SPECULATING IN GRAIN CROPS
According to a Mysore Government communiqué, reports received by the Government show that attempts are being made to buy up the newly harvested crops with a view to export them as soon as the embargo on the export is removed, that prices have been rising everywhere, and that the markets are not adequately supplied. The Government will maintain control over the crop recently harvested and have no intention at present of withdrawing the restrictions on the export of paddy, rice, ragi and gola. Until normal conditions are restored not only will exports by rail be controlled by priority certificate, but the Frontier Police staffs will be continued wherever necessary. It is now reported that stocks are being held back from the market, and that prices are being forced up
LAND GRANTS FOR WAR SERVICES
An area of 1,71,500 acres has been reserved in the Lower Bari Doab Colony for distribution to Indian officers, noncommissioned officers and soldiers who have rendered distinguished service in the great war. The distribution is being made under orders of the Commanderin-Chief through the agency of the Indian Soldiers’ Board on the recommendation of officers commanding the units, who some months ago were informed of a number of reward grants allocated to their units and requested to submit lists of names as soon as possible. These lists when received are forwarded to the colonisation officer for scrutiny with a view to the substitution of cash annuities for land grants in cases where the nominees do not conform to the conditions for which the Punjab Government stipulated in reserving the land.
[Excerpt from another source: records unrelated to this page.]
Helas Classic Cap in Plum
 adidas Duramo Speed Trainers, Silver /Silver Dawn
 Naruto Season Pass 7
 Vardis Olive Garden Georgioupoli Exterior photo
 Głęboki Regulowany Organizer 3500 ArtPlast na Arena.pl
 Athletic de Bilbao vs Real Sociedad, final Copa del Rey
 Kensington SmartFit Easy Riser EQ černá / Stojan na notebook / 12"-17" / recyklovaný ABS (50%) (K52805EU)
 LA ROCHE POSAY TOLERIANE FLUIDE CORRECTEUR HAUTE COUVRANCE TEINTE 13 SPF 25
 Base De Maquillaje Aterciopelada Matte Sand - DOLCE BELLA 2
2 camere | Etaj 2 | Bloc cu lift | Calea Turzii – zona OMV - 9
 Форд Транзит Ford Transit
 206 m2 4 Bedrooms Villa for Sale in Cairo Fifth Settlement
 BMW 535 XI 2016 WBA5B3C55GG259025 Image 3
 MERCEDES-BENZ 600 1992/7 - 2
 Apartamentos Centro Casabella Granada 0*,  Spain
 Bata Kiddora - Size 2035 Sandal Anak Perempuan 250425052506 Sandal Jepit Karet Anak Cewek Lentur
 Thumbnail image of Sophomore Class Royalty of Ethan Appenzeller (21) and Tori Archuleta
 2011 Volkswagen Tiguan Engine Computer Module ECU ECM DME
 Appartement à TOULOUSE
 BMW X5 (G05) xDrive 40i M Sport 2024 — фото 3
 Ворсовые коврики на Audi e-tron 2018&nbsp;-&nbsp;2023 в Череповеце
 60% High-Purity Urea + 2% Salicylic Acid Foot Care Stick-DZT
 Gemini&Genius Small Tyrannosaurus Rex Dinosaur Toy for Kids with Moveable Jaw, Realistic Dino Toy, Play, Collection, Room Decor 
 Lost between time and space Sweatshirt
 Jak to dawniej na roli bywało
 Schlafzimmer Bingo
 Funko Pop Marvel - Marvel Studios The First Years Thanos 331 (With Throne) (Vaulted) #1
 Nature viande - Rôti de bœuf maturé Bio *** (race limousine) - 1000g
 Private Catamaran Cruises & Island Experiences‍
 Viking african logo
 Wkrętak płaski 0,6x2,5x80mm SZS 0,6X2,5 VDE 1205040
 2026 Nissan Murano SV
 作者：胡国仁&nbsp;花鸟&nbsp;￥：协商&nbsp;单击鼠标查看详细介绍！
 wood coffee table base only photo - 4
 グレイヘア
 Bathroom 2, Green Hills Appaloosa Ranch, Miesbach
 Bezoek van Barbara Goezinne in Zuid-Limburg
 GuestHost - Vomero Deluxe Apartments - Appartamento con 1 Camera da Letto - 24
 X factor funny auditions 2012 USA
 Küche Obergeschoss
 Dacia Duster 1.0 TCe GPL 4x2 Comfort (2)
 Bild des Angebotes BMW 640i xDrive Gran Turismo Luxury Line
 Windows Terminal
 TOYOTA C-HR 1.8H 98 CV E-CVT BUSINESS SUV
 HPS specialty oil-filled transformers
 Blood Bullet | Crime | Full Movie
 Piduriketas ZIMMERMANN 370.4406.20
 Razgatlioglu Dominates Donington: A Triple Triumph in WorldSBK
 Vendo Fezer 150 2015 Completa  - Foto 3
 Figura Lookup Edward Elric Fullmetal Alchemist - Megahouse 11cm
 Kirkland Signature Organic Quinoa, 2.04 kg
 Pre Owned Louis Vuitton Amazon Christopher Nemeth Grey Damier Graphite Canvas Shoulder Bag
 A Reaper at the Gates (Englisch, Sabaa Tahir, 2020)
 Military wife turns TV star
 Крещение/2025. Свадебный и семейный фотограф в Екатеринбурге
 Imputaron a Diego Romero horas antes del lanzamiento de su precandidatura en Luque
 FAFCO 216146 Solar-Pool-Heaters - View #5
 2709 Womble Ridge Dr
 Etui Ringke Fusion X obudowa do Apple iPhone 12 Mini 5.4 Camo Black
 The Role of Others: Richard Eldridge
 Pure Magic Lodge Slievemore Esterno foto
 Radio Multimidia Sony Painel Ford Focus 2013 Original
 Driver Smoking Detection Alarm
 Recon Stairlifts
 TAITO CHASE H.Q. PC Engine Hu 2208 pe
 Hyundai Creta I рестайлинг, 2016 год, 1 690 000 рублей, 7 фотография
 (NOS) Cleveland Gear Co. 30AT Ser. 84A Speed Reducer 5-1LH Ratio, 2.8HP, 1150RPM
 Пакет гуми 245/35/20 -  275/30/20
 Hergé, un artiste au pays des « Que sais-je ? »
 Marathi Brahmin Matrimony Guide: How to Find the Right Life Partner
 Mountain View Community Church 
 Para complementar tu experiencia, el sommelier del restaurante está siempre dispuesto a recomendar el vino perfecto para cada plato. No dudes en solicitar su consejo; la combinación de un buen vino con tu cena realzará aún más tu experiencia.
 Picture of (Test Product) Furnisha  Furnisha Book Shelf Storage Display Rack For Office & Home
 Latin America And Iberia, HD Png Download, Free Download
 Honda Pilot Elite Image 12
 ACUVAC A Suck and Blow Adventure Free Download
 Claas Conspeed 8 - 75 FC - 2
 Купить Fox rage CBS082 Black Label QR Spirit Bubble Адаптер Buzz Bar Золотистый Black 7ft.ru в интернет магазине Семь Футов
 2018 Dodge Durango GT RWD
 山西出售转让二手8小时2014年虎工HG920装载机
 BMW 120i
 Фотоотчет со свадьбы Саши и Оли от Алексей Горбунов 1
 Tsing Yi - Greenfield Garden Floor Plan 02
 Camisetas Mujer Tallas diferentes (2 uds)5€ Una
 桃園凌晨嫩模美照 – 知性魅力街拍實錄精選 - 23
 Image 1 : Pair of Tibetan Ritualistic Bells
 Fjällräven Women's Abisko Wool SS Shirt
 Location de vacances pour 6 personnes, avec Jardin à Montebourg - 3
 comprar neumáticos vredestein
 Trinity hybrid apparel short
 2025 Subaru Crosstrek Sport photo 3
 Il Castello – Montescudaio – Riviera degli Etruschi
ALTERNATIVE PENSIONS FOR OFFICERS WIDOWS
DELHI, JAN 10
A widow who can show that she was married to the officer before the commencement of the war or of his military service, whichever be later, and that the pension granted her together with children’s allowances, if any, amounts to less than two-thirds of the alternative retired pay which would have been granted to her husband had he lived and been incapable of earning anything, may be granted a pension not exceeding two-thirds of the alternative retired pay. Alternative pension depends on the officer’s pre war earnings. Husband’s earnings pound 300 a year or less. In this case the officer’s alternative retired pay, if he is unable to earn, is his full pre-war earnings, and the widow’s pension is therefore two-thirds of those earnings.